Etait-il également un bosseur ?
On ne peut pas arriver à son niveau sans avoir bossé. Le talent ne suffit pas. Je pense que tous ceux qui arrivent au niveau supérieur de ce sport l’ont compris. Des talentueux qui passent à côté de leurs carrières, on peut en citer des dizaines, voire des centaines. Tous les grands joueurs, et je considère Thierry Henry comme un grand joueur, avaient le talent au départ, mais ils ont surtout travaillé. J’ai connu Thiery Henry quand Jean Tigana était entraîneur de Monaco (à partir de 1995, ndlr). Jeannot était exigeant avec les jeunes, notamment. Mais après, Thierry a choisi l’option Arsenal parce qu’il y avait Arsène Wenger. Et Arsène est son mentor, d’après moi. Il ne lâchait rien et a tiré le maximum de Thierry Henry. Il l’a fait travailler pour qu’il continue à progresser tout au long de sa carrière. On peut parler de cet esprit-là chez tous les autres grands joueurs.
Qu’allez-vous retenir de sa carrière ?
C’est un joueur qui a marqué, pour moi, l’histoire du foot français. Quand on regarde son palmarès, son implication en équipe de France, est-il reconnu à sa juste valeur en France ? Moi, je pense que non. Il est parti très jeune de France, il est devenu une légende à Arsenal, où il a même sa statue devant le stade. Tout l’amour qu’il a reçu en Angleterre, il l’a peut-être eu moins en France. On l’a vu à travers l’équipe de France, surtout, avec laquelle il a flambé aussi. Ce n’est pas un garçon qui court les médias pour avoir une bonne image. Il n’aime pas particulièrement ça. Ça a pu jouer contre lui aussi. Mais quand on se retournera sur sa carrière, dans quelques années, on se rendra compte que ça a été un joueur important de l’histoire du foot français. Il restera dans la mémoire collective de ce sport. Il y a son palmarès, sa longévité, les clubs qu’il a fréquentés. On ne passe pas par Arsenal, le Barça, sans laisser de trace. Et en plus, c’est un vrai passionné, un vrai amoureux du foot. On reproche souvent aux jeunes joueurs, et déjà à l’époque, de ne pas s’intéresser à l’histoire ou à l’actualité du foot. Lui, ça n’a jamais été le cas. Il a toujours aimé ça. Il regarde tous les matchs. Il est fou de foot. Ça fait partie de ses qualités.

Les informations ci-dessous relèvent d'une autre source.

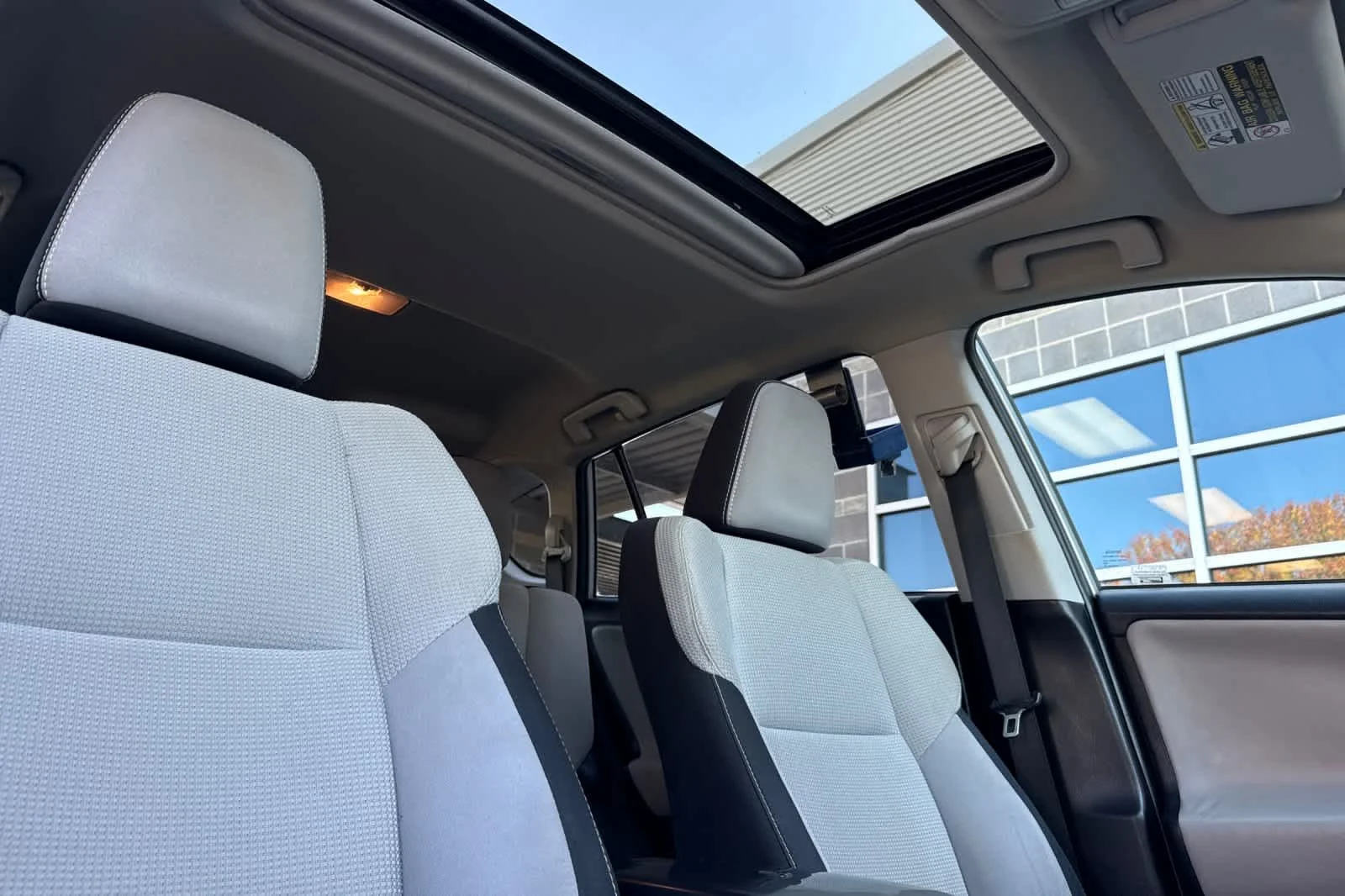 Used 2017 Silver Sky Metallic Toyota XLE image 17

Quelle image va-t-il laisser ?
Pour moi, il laissera l’image d’un des grands joueurs français de l’histoire du football, tout simplement. Il n’y a qu’à voir son palmarès. Il a joué quatre Coupes du monde, il a gagné les plus grands titres du football français et en club aussi. C’est une légende de ce sport en France et les petits bémols que certains peuvent mettre sur sa fin de carrière s’effaceront au fil du temps. Ce ne sont pas des bémols, pour moi. Je ne suis pas sûr qu’un autre comportement de Thierry Henry à Knysna aurait changé quoi que ce soit. Et personne ne sait ce qu’il a pu faire là-bas pour essayer d’arranger les choses. Je connais sa mentalité. Je sais qu’il est irréprochable dans son métier. Il laissera une grande image. Peut-être pas au niveau de ce qu’il mérite, parce qu’il a fait sa carrière en dehors de France. Mais à n’en pas douter, on se souviendra de lui longtemps après sa carrière.